SUPPLIED DATA:

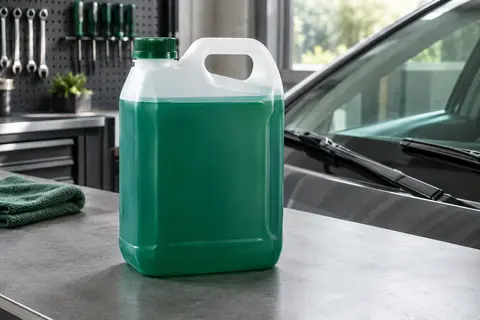 Bidon de lave-glace parfum pomme de 5 litres posé sur un établi d’atelier automobile.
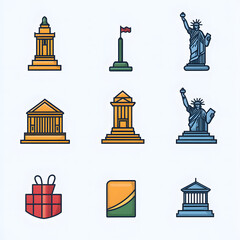 city ​​icons, country symbols, icon set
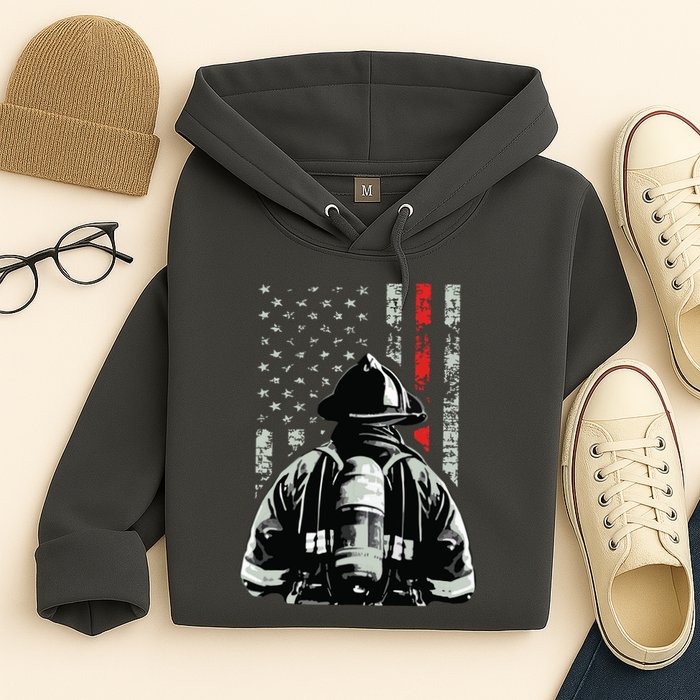 Fireman In Front Of American Flag Cool Firefighter Flag Hoodie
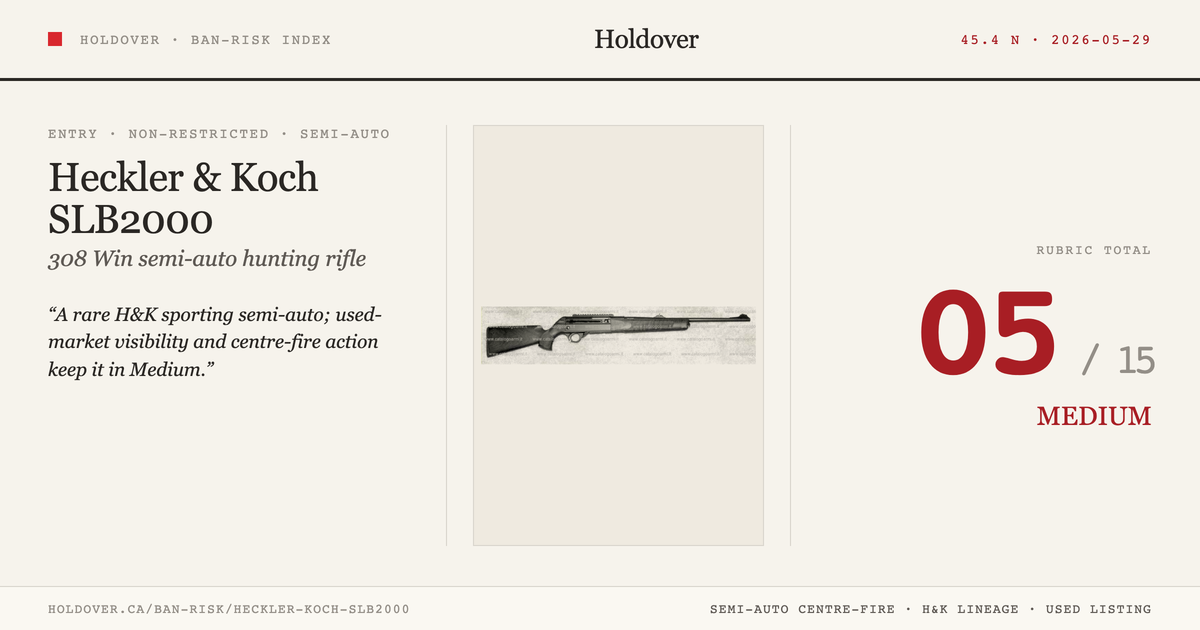Heckler & Koch SLB2000 reference image for Holdover Ban-Risk verdict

HOW TO COMPLETE THIS TASK:
Everything from the line with "Fireman In Front" through the last line above must be repeated exactly, except the pictures.

COMPLETED EXERCISE:
 Fireman In Front Of American Flag Cool Firefighter Flag Hoodie
Heckler & Koch SLB2000 reference image for Holdover Ban-Risk verdict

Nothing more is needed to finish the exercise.